Critics fear the bill could be misused against minority communities and scare away tourists [Reuters]
Critics fear the bill could be misused against minority communities and scare away tourists [Reuters]
Indonesia's parliament has passed a controversial anti-pornography bill which Islamic parties and organisations argue is needed to save the country from immoral behaviour.

The law has been almost a decade in the making, and has been watered-down on several occasions amid rows over the definition of pornography.

Two opposition parties - the nationalist Indonesian Democratic Party of Struggle and the Christian Prosperous and Peace Party - walked out on Thursday when parliament passed the bill.
  
Some members of parliament clapped and shouted "Allahu Akbar", or God is great, following the knock of the hammer to signal the bill had been passed.

About 200 Muslim women in headscarves rallied in front of the parliament building in support of the bill.

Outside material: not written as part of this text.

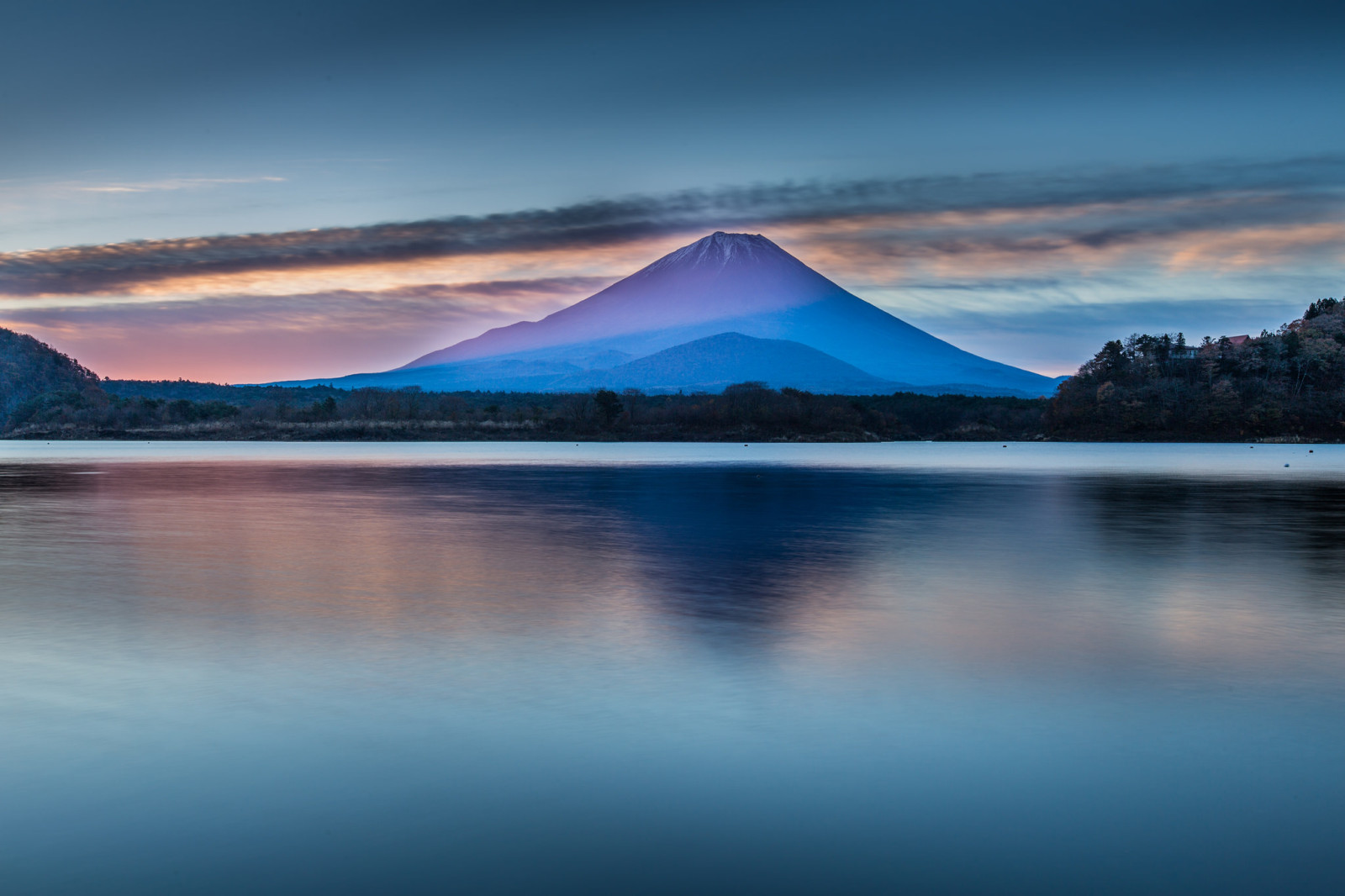 langit, Gunung, danau, pemandangan, pohon, Jepang, permukaan, Fuji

On Wednesday hundreds of supporters of the new law marched through the capital, Jakarta, urging politicians to enact the bill.
 
They have been angered by what they say are increasingly racy television ads and films, as well as the growing availability of magazines such as Playboy.

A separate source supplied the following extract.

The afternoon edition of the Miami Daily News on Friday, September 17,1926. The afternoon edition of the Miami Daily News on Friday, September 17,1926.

"I don't want my children to go to hell because we allow pornography," one demonstrator named Siti told The Associated Press.
 
"Sexually explicit movies, TV ads … it's bad for my family, my sons and daughter."

"This is against Indonesia's diversity defended by our constitution"

Eva Sundari,
Indonesian MP


Indonesia is the world's most populous Muslim nation, with some 90 per cent of the population professing to follow the faith.

'Moral police'

But critics of the bill say the anti-pornography legislation could be misused against Indonesia's minority Christian and Hindu communities and threatens the country's pluralistic culture.
 
Officially, art and culture are exempt from the bill, but people in Papua, Bali and other Indonesian islands with large non-Muslim populations worry that the new law is too vague and could be misused.
 
They also fear it could scare away tourists.
 
In several recent instances civilian groups like the Islamic Defenders Front have used used violence against those they say offend Islam.